Unique Business Approaches Help Operators Find Answers To Achieving Upstream Success
By Gregory DL Morris - Special Correspondent
Given the logistics and costs of developing unconventional resource plays, many independents have expanded their operational scales and corporate reaches to capitalize on opportunity sets in these plays. However, there is a cadre of independents with a tight focus on certain plays, a keen eye on their balance sheets, and an unabashed ambition that Dad Joiner would applaud.
Some, such as Panhandle Oil & Gas, have a legacy stretching back almost a century. Others, such as Sanchez Energy, are only a few years old. The two have very different strategies, yet both are concentrating on specific onshore basins, using horizontal drilling and advanced completion techniques.

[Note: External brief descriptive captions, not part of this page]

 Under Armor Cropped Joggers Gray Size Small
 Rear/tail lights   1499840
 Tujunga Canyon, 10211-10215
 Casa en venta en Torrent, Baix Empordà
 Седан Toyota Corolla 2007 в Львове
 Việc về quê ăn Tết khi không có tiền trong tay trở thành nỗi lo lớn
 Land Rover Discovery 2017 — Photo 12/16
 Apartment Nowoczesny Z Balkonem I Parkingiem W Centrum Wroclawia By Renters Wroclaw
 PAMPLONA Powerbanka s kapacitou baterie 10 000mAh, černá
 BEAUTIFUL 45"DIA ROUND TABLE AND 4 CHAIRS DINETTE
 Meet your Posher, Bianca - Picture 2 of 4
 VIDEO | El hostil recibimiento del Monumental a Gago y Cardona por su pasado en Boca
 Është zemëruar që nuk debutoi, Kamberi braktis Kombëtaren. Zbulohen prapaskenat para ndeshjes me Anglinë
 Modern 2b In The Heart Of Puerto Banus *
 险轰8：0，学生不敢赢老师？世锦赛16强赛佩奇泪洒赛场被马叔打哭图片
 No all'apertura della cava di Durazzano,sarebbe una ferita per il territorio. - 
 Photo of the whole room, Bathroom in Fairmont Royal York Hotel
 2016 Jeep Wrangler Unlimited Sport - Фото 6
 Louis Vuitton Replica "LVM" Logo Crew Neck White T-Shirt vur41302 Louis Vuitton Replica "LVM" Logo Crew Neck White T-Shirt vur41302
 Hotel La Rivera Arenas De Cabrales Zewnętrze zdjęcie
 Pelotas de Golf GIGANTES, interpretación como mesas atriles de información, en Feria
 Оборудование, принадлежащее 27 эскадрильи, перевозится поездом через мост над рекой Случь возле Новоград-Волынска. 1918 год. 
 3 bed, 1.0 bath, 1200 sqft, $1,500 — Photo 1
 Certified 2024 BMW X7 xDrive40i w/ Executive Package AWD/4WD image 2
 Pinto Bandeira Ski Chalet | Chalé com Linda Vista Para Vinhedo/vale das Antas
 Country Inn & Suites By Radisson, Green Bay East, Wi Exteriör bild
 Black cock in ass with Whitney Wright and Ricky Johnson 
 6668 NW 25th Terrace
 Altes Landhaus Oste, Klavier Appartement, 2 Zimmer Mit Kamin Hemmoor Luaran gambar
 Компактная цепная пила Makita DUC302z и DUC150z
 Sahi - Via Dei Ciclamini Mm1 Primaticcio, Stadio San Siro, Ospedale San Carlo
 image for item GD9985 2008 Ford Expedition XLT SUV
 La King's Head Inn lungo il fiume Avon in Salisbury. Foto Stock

While Panhandle and Sanchez Energy keep their feet dry, Saratoga Resources works near the Louisiana shoreline, drilling from barges in shallow state waters.
From semi-integrated companies with their own rig fleets and midstream facilities making headlines in unconventional reservoirs to small exploration firms flying under the radar in conventional plays, there is no such thing as a “typical” independent.
True To Its Roots
Panhandle Oil & Gas was founded in Texas County in the Oklahoma Panhandle as a co-op (Panhandle Cooperative Royalty Company) in 1926, and has never strayed from its roots. Its oil and gas holdings are still concentrated in Oklahoma, and although no longer a co-op, it does not operate any projects.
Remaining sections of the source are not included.